**Source material:**
'''

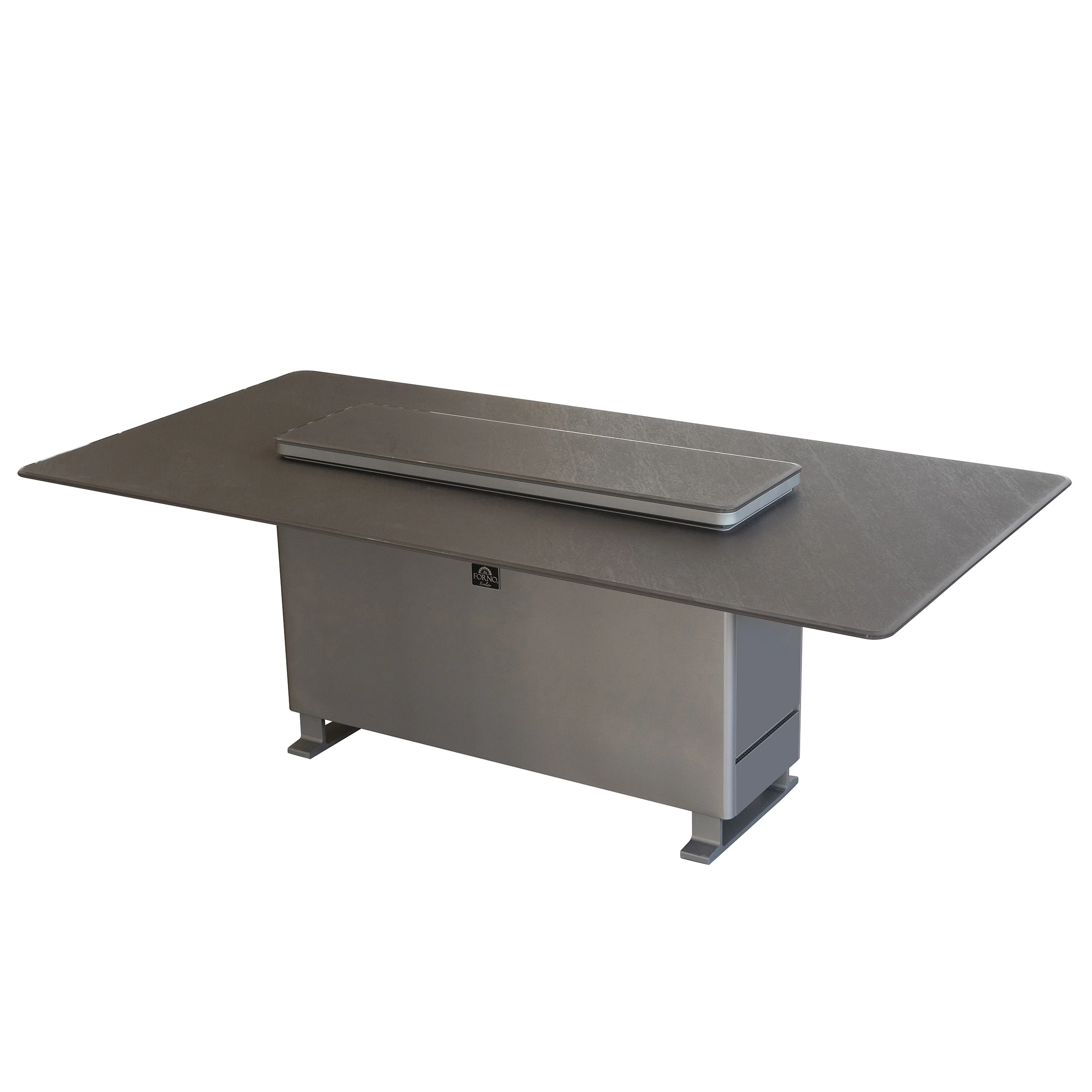 Cinetico Smart Dining Table, Sandstone Black, 5.3 cu.ft fridge and freezer with Bluetooth control - Image 15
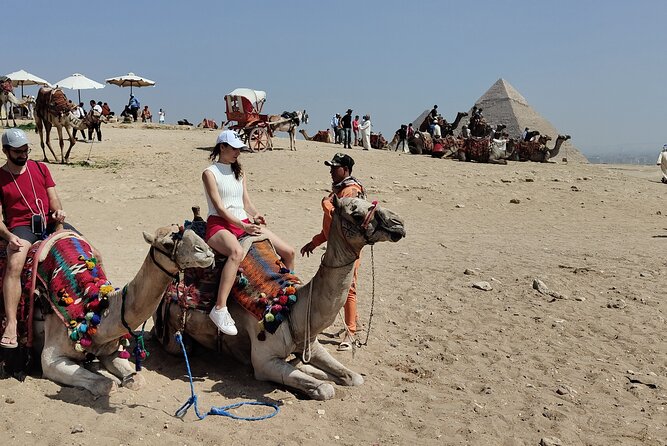 ATV Giza Pyramid Tour With Camel Ride and Lunch - Camel Ride and Traditional Egyptian Lunch
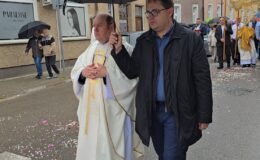 Procesja Bożego Ciała. Parafia pw. Podwyższenia Krzyża Świętego w Działdowie (4.06.2026)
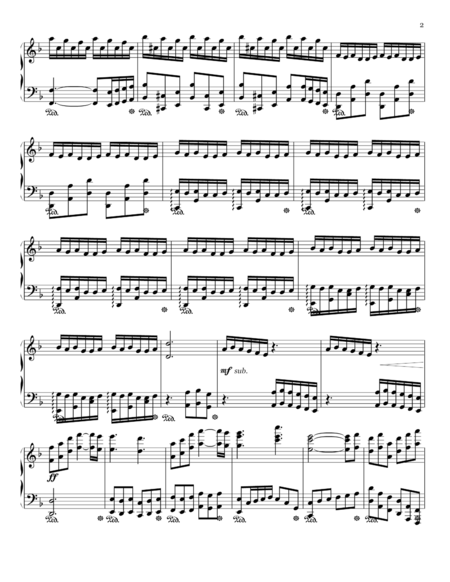 Etude No 1 In A Minor Page 2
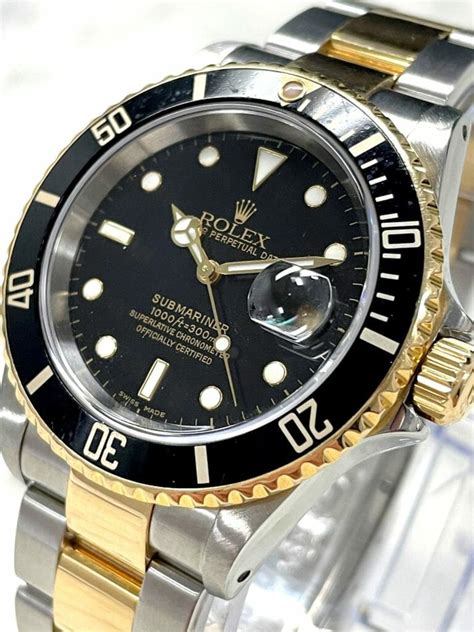 rolex model name submariner model number model 16613|rolex submariner 16613 review.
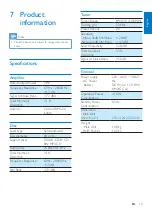 Preview for 13 page of Philips AZ318 User Manual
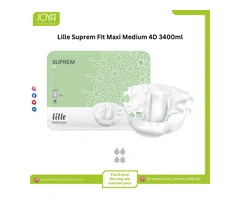 Lille Suprem Fit Maxi Medium 4D 3400ml | Joya Medical Supplies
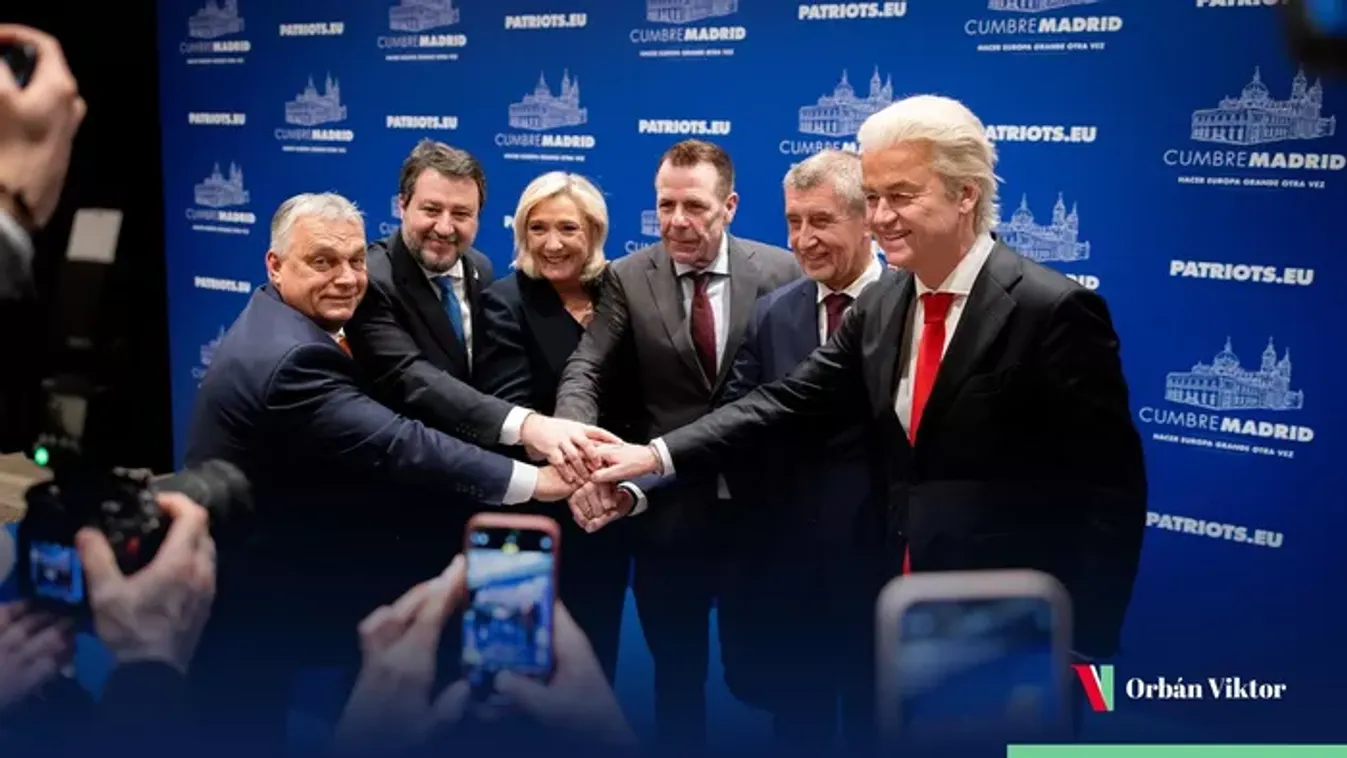 Orbán Viktor: A Patrióták bicepszet növesztettek!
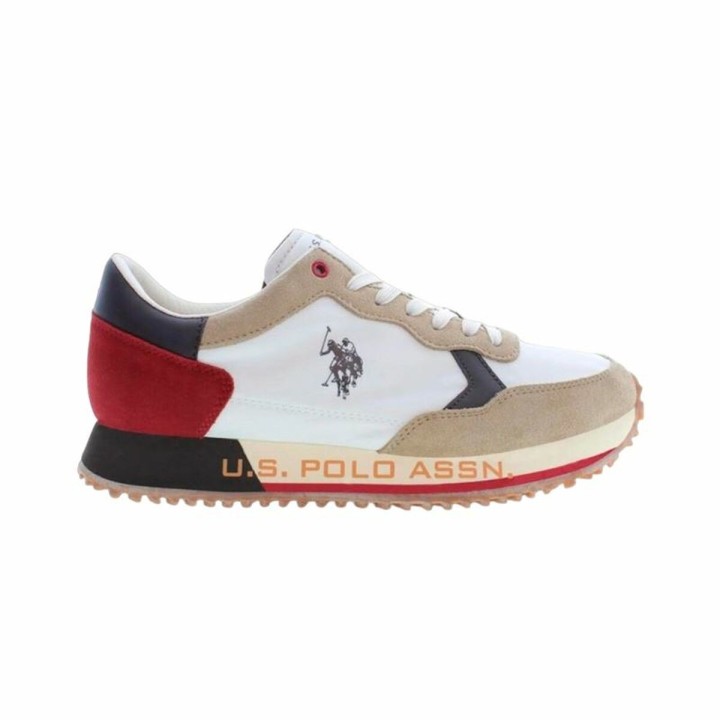 Herre sneakers U.S. Polo Assn. CLEEF001A Lys brun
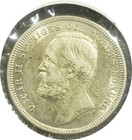 Sweden 1 Krona 1904   Scarce Date   Lustrous Choice About Uncirculated Coin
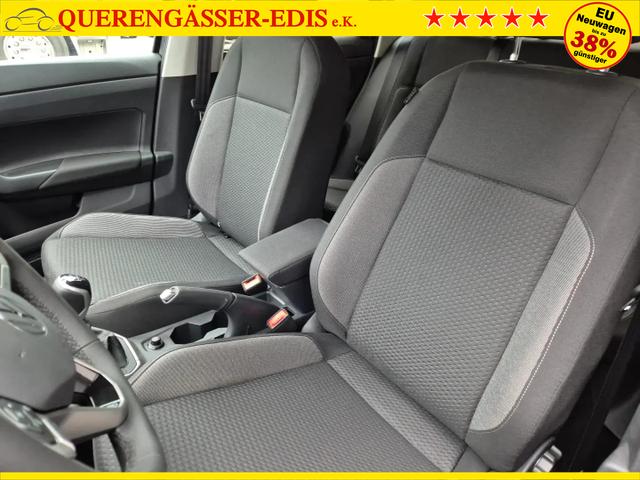 Volkswagen Polo Life 1.0 TSI 95PS Rückf.Kamera Sitzheizung Digital Cockpit Klima PDC abgd.Scheiben Bluetooth Apple Car Play Android Auto 15-LM 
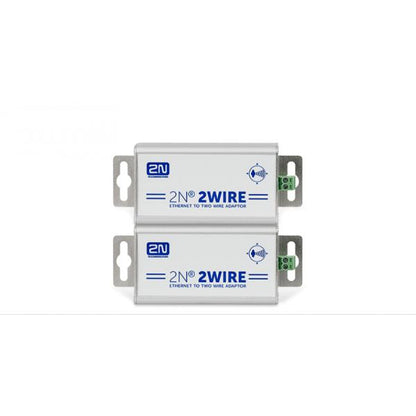 2N 2Wire (set di 2 adattatori e alimentatore per l'UE) [9159014EU]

'''

**About this task:** Please copy the lines above exactly as written, apart from any pictures.

**Solved exercise:**
 Cinetico Smart Dining Table, Sandstone Black, 5.3 cu.ft fridge and freezer with Bluetooth control - Image 15
 ATV Giza Pyramid Tour With Camel Ride and Lunch - Camel Ride and Traditional Egyptian Lunch
 Procesja Bożego Ciała. Parafia pw. Podwyższenia Krzyża Świętego w Działdowie (4.06.2026)
 Etude No 1 In A Minor Page 2
 rolex model name submariner model number model 16613|rolex submariner 16613 review.
 Preview for 13 page of Philips AZ318 User Manual
 Lille Suprem Fit Maxi Medium 4D 3400ml | Joya Medical Supplies
 Orbán Viktor: A Patrióták bicepszet növesztettek!
 Herre sneakers U.S. Polo Assn. CLEEF001A Lys brun
 Sweden 1 Krona 1904   Scarce Date   Lustrous Choice About Uncirculated Coin
 Volkswagen Polo Life 1.0 TSI 95PS Rückf.Kamera Sitzheizung Digital Cockpit Klima PDC abgd.Scheiben Bluetooth Apple Car Play Android Auto 15-LM 
 2N 2Wire (set di 2 adattatori e alimentatore per l'UE) [9159014EU]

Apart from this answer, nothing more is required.